> [Excerpted data]:

◆ ◆ ◆ ◆ ◆

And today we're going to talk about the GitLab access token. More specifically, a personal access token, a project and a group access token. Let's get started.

◆ ◆ ◆ ◆ ◆

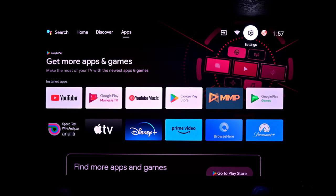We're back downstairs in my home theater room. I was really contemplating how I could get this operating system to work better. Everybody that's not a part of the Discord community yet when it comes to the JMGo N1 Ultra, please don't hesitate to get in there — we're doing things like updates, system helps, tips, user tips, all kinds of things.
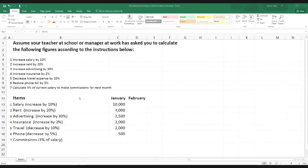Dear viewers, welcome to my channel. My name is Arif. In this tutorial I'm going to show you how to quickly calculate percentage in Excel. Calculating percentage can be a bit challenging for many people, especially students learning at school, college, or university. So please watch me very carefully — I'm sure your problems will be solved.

◆ ◆ ◆ ◆ ◆

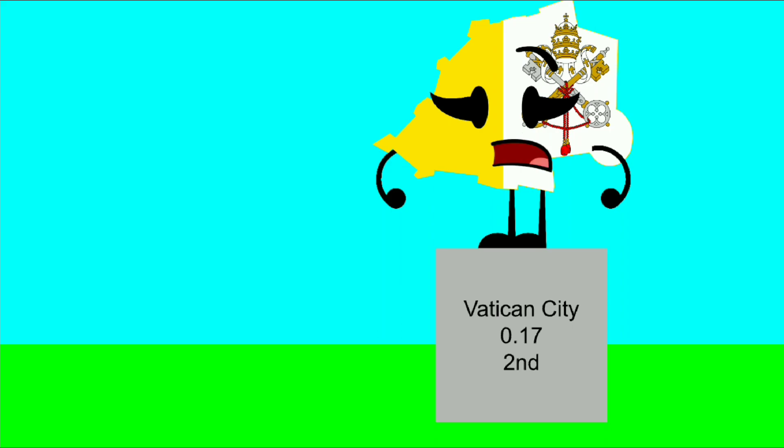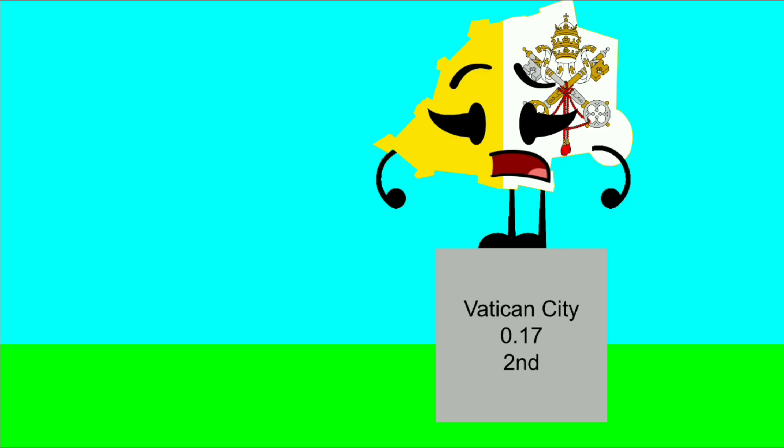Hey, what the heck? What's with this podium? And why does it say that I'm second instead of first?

◆ ◆ ◆ ◆ ◆

> [Your goal]:
Within the listing above, the lines from the one with "We're back downstairs" through the one with "Dear viewers, welcome" are to be given again word for word. Do not include pictures.

> [Written answer]:
We're back downstairs in my home theater room. I was really contemplating how I could get this operating system to work better. Everybody that's not a part of the Discord community yet when it comes to the JMGo N1 Ultra, please don't hesitate to get in there — we're doing things like updates, system helps, tips, user tips, all kinds of things.
Dear viewers, welcome to my channel. My name is Arif. In this tutorial I'm going to show you how to quickly calculate percentage in Excel. Calculating percentage can be a bit challenging for many people, especially students learning at school, college, or university. So please watch me very carefully — I'm sure your problems will be solved.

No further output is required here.